May 23, 2024

Gold Bullion Coin Sales Jump 9% In December, But Decline 18% For The Year

Demand for physical gold increased in December as buyers took advantage of a recent pullback in gold prices.

According to production figures from the U.S. Mint, sales of American Gold Eagle bullion coins in December totaled 65,500 ounces, an increase of 9.2% from December 2010.  Total sales of gold bullion coins for 2011 declined by 18% from the prior year.  For all of 2011, a total of 1,000,000 ounces were sold compared to previous year sales of 1,220,500 ounces.

The sales figures cited above do not include gold numismatic coins sold by the U.S. Mint.  Collector versions of gold coins such as the American Buffalo Gold Proof Coin can be purchased directly by the public from the U.S. Mint.

The American Gold Eagle bullion coins cannot be directly purchased by the public from the U.S. Mint.  Instead, a network of authorized purchasers (AP’s) buys the coins in bulk from the Mint at a fixed markup.  The AP’s in turn resell them to secondary retailers for public sale.  The AP distribution system established by the U.S. Mint was determined to be the most efficient method for selling gold bullion coins to the public at competitive prices.

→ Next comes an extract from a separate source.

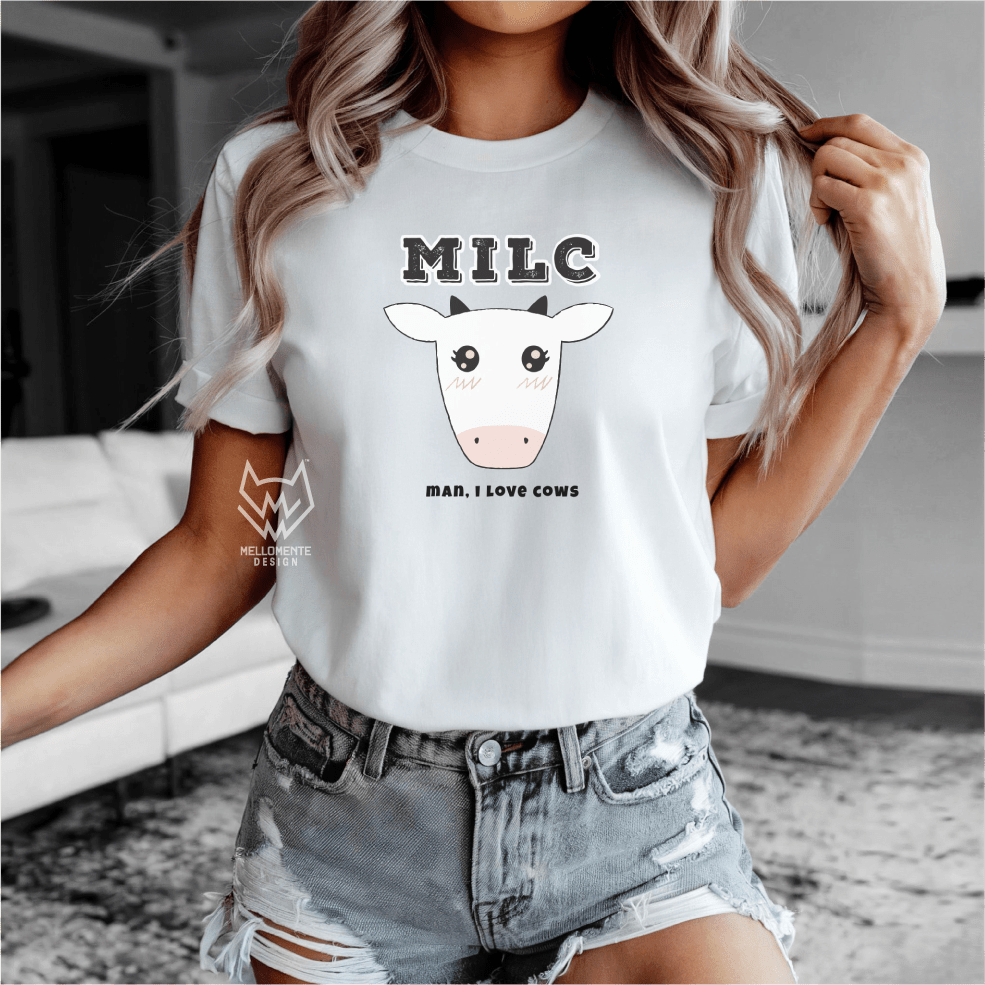 Person wearing a white t-shirt with a cow graphic and text, standing indoors.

Although sales of gold bullion coins increased during August and September when gold was soaring to all time highs, the largest  monthly sales of gold bullion coins occurred in January when gold was trading in the $1,350 range (please see chart below for monthly sales figures).

U.S. Mint Gold Bullion Sales By Month


2011 marks the third year in a row of reduced purchases of gold bullion coins but this is not indicative of an overall reduction in investment gold demand.  Competing investments such as gold trust ETFs may be responsible for a large part of reduced demand for physical gold.

Besides much lower transaction costs, investors in gold ETFs or other paper gold products do not have to worry about security and storage costs.  Since their launch in 2005, investors have poured billions of dollars into gold trust ETFs.  For example, the SPDR Gold Shares Trust (GLD) and the iShares Gold Trust (IAU) now hold gold bullion valued at over $82 billion.  By contrast, the approximate value of all American Eagle Gold bullion coins purchased last year amounts to only $1.6 billion.

The all time record sales of American Eagle gold bullion coins occurred in 2009 when 1,435,000 ounces were sold.

Gold Bullion U.S. Mint Sales Since 2000
Year Total Ounces Sold
2000 164,500
2001 325,000
2002 315,000
2003 484,500
2004 536,000
2005 449,000
2006 261,000
2007 198,500
2008 860,500
2009 1,435,000
2010 1,220,500
2011 1,000,000
Total 7,249,500


Will gold bullion sales continue to decline?  The recent implosion of MF Global along with unrestrained money printing by central banks should provoke some clear headed thinking by investors.  Customers of MF Global who thought they had warehouse receipts for physical gold and silver were shocked to find that the bankruptcy trustee put all assets into a single pool to cover  claims of all customers who have lost billions of dollars.

Paper assets can be vaporized in an instant, even those that are allegedly backed by physical assets such as gold and silver.  A question well worth pondering is “Could what happened at MF Global also happen to investors in the gold trust ETFs”?